[PROVIDED MATERIAL — start]

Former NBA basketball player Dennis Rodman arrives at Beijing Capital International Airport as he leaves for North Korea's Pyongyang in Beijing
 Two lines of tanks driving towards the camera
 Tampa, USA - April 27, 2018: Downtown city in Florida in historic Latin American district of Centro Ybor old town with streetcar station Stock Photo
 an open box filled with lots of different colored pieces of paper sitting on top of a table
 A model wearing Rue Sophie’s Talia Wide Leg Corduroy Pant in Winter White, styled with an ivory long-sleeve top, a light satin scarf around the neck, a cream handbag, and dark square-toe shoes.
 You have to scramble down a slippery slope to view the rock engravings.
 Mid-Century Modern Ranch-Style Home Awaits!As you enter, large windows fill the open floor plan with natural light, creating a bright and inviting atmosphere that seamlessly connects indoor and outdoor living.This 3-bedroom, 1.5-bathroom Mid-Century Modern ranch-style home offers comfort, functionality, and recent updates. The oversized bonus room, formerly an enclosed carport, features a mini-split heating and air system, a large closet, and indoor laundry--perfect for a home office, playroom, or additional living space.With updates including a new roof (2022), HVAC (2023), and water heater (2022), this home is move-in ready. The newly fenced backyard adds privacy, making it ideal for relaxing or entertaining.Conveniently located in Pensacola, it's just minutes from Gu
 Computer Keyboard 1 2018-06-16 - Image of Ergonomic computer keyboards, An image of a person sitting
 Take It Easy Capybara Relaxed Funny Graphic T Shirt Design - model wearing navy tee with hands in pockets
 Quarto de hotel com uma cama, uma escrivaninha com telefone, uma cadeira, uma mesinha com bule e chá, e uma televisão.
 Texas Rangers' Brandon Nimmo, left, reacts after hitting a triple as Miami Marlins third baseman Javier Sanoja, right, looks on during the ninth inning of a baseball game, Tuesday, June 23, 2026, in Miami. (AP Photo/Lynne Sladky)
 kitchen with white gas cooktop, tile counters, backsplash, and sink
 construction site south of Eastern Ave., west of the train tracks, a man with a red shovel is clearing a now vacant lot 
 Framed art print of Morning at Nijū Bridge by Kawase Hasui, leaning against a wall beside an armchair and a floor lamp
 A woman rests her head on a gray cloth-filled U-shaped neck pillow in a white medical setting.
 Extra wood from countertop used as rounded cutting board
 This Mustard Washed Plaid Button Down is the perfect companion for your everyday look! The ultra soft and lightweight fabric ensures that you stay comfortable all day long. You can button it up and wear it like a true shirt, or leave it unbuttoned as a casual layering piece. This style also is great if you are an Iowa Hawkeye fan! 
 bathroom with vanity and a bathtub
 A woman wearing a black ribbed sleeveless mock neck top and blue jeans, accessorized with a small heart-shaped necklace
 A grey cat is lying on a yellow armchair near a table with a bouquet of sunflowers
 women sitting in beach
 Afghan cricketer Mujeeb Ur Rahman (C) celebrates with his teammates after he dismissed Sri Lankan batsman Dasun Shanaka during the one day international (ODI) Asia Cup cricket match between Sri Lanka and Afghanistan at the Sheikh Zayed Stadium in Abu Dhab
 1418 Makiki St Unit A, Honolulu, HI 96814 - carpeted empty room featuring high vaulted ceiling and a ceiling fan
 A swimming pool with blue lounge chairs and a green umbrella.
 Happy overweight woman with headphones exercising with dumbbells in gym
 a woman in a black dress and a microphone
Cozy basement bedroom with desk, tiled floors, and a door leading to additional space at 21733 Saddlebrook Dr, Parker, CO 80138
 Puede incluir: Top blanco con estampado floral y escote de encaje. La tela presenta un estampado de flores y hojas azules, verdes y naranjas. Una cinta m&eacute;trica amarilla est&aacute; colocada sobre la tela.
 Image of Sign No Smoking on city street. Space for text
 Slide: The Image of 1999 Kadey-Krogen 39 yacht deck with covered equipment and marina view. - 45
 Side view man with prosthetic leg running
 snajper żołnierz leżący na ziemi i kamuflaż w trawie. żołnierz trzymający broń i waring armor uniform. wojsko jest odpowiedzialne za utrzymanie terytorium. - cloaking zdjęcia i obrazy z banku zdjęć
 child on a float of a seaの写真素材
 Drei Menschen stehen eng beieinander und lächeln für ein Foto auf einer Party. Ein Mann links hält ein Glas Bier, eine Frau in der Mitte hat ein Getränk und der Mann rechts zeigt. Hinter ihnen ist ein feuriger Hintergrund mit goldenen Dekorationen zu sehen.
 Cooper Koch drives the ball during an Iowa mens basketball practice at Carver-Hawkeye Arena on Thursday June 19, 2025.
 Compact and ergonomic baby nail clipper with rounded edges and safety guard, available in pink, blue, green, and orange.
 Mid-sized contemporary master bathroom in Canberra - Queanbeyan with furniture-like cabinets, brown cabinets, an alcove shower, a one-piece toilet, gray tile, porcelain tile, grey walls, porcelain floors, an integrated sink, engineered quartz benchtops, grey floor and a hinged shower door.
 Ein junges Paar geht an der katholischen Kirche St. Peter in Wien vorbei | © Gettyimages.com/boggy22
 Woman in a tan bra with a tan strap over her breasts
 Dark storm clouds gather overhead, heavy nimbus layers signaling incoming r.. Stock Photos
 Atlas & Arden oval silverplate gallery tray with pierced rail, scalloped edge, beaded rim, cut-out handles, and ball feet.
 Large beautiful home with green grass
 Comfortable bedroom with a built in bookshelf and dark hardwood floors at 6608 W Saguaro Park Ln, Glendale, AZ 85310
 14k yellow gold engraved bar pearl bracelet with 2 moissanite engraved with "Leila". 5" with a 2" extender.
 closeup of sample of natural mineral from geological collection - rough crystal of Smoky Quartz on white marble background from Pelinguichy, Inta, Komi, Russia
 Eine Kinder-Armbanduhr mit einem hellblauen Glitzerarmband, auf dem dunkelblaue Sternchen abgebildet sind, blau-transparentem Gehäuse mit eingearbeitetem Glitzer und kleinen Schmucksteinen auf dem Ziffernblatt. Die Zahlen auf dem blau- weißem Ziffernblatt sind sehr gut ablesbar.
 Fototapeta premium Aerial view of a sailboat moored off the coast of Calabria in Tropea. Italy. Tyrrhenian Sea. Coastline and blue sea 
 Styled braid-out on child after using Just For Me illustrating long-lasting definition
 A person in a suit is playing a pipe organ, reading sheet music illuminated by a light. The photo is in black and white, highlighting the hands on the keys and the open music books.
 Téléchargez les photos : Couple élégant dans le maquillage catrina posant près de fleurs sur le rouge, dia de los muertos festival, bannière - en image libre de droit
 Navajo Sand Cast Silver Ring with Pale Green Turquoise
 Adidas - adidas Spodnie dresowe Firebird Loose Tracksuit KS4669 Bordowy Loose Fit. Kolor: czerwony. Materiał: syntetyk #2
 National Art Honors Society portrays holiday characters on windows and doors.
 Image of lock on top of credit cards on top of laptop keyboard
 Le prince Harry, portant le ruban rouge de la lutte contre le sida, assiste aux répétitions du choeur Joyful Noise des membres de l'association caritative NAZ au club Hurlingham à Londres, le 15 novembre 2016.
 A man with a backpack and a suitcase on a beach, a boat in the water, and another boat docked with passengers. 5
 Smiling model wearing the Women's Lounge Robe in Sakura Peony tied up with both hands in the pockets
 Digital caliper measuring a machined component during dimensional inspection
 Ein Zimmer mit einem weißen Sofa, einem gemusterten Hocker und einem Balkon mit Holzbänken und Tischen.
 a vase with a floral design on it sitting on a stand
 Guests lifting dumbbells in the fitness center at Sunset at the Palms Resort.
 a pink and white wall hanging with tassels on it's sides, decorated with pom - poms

[PROVIDED MATERIAL — finish]

■ **WHAT THE EXERCISE ASKS**: Lines from the beginning of the data above through the line containing "Two lines of" are to be returned exactly, and no others.

■ **SOLUTION TO THIS TASK**:
Former NBA basketball player Dennis Rodman arrives at Beijing Capital International Airport as he leaves for North Korea's Pyongyang in Beijing
 Two lines of tanks driving towards the camera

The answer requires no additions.